Questions: Income and Substitution Effects of Price Changes
5 questions to test your understanding
Score: 0 / 5
Question 1 Multiple Choice
When the price of an inferior good falls, which of the following correctly describes the two effects?
ABoth the substitution and income effects increase quantity demanded
BThe substitution effect increases quantity demanded; the income effect decreases it
CThe substitution effect decreases quantity demanded; the income effect increases it
DBoth the substitution and income effects decrease quantity demanded
The substitution effect always moves opposite to the price change — a price fall makes the good relatively cheaper, so consumers substitute toward it, increasing quantity demanded. But a price fall also raises real purchasing power. For an inferior good, feeling richer leads consumers to buy less of it (they prefer something better). So the income effect pulls in the opposite direction from the substitution effect. For a normal good, both effects would reinforce each other.

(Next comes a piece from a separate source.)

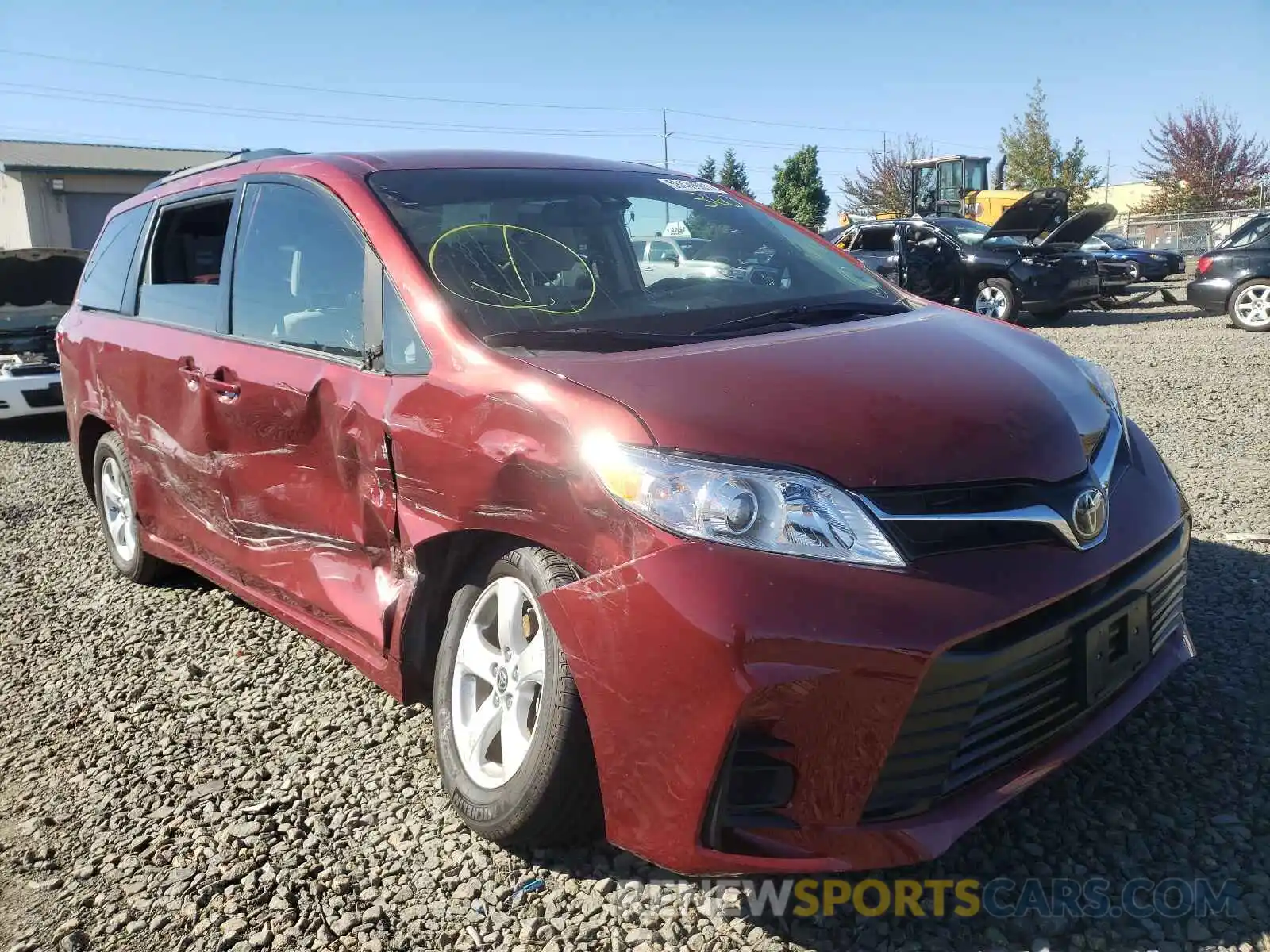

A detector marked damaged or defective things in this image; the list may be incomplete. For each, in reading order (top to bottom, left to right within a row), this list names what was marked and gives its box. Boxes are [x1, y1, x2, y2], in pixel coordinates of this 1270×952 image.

damaged red minivan [57, 147, 1188, 873]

Question 2 Multiple Choice
A student explains that when coffee's price falls, they buy more because 'holding utility constant, coffee is now relatively cheaper than tea.' This explanation captures:
AThe total effect of the price change
BOnly the income effect
COnly the substitution effect
DNeither effect — relative price changes are not relevant to consumer choice
The substitution effect is defined as the change in quantity demanded when real welfare is held constant but the consumer faces the new relative prices. 'Holding utility constant, coffee is now relatively cheaper than tea' describes exactly this: no change in wellbeing, but a rearrangement driven by changed relative prices. The income effect is the separate component that asks: how does behavior change because real purchasing power has changed?
Question 3 True / False
The substitution effect can push quantity demanded in either direction depending on whether a good is normal or inferior.
TTrue
FFalse
Answer: False
The substitution effect always moves opposite to the price change, regardless of whether the good is normal or inferior. When price falls, the substitution effect always increases quantity demanded; when price rises, the substitution effect always decreases it. It is the income effect whose direction depends on good type — positive for normal goods, negative for inferior goods.
Question 4 True / False
A Giffen good is a special case of an inferior good where the income effect is strong enough to overwhelm the substitution effect.
TTrue
FFalse
Answer: True
Correct. For a Giffen good, the price rise reduces real purchasing power (income effect), and because the good is strongly inferior, this causes the consumer to buy more of it — enough to outweigh the always-present substitution effect pushing in the opposite direction. The result is a demand curve that slopes upward: quantity demanded rises when price rises. Giffen goods are theoretically possible but extremely rare in practice.
Question 5 Short Answer
Explain why the substitution effect always moves in the opposite direction from a price change, regardless of whether the good is normal or inferior.
Think about your answer, then reveal below.
Model answer: The substitution effect is defined as the behavioral change when real utility is held constant but relative prices shift. When a good's price falls, it becomes cheaper relative to all other goods. Even if you were somehow kept at the same level of well-being, you would rearrange your consumption to buy more of the now-cheaper good and less of relatively more expensive alternatives. This logic holds regardless of income level or good type — it is purely a response to the change in relative prices.
The key is the definition: the substitution effect is isolated by asking 'what would you do if prices changed but your utility level stayed the same?' Relative price changes always create an incentive to substitute toward the cheaper good and away from relatively more expensive goods. The normal/inferior distinction only matters for the income effect — which asks what happens when real purchasing power changes.